Friday 29 August 1997

Each weekday. Conn Nugent on what's new in the world, on the site.

 

TODAY IN THE WORLD: Babies

The other day there was an article in The New York Times about the intersection of prosperity and baby-lust in contemporary China. Everybody knows that the Chinese government has a one-baby-per-family policy. Until recently, that policy was supported by a propaganda campaign extolling only-child-hood, by Party scolding directed at transgressors, and by big monetary fines.

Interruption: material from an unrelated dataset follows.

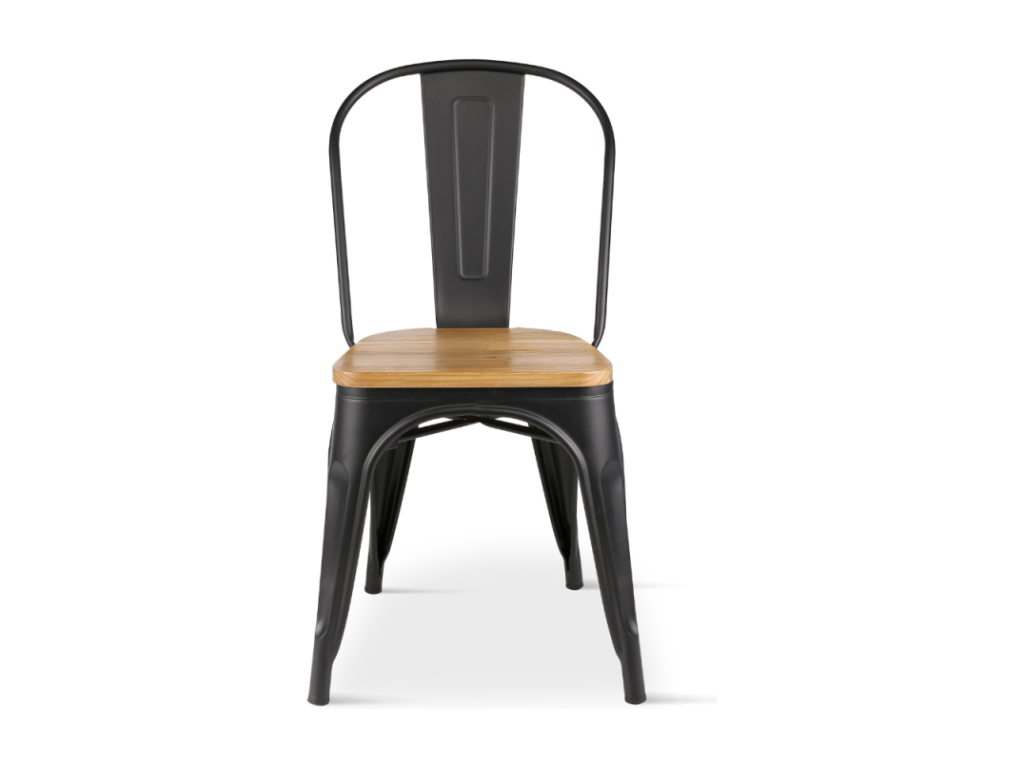 Matte black metal chair with light wood seat - Industrial style KLQX46458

It now appears that the steam has run out of the propaganda and scolding machinery and that more and more couples are summoning the nerve and the money to pay the fines. Young couples rarely say they want large families, but two or three children are often cited as ideal. Peasants calculate that they can earn much more money through the work of a few extra hands around the house than they can lose through the fines and the costs of childrearing. Relatively well-off urban workers and professionals want the same kind of domestic atmosphere as city people everywhere seem to want: private bath, two kids. Only a small slice of European society prefers one child to two, and the slice is even smaller in America. In Asia, moreover, most people (and most governments) believe that support of parents by children during the parents' old age is a foundation stone of social policy; it helps to have at least a couple of wage earners in the family to shoulder the burden.

Meanwhile, there is demographic news of interest from the world's second-most populous nation. India, the first country to initiate a government family-planning program (1951), now counts 960 million inhabitants, 620 million more than at the dawn of her independence 50 years ago. Indian officials say that the national family planning program has succeeded in the sense that it helped avert 200 million births that would have occurred otherwise. Yikes.

The Indian government says it wants to slow population growth dramatically, but is eschewing numerical goals. Instead, it says, it will concentrate on an integrated program of primary health care, higher literacy (especially among girls), readily-available contraceptives, and broader opportunities for women. This may sound like pie-in-the-sky, but there's hardheaded evidence that the most important determinant of smaller family size is the rate of female literacy. In the Indian state of Uttar Pradesh, for example, population grows 5.1 percent per year and female literacy is 42 percent. In Kerala, where the population grows 1.8 percent per year, female literacy is 90 percent.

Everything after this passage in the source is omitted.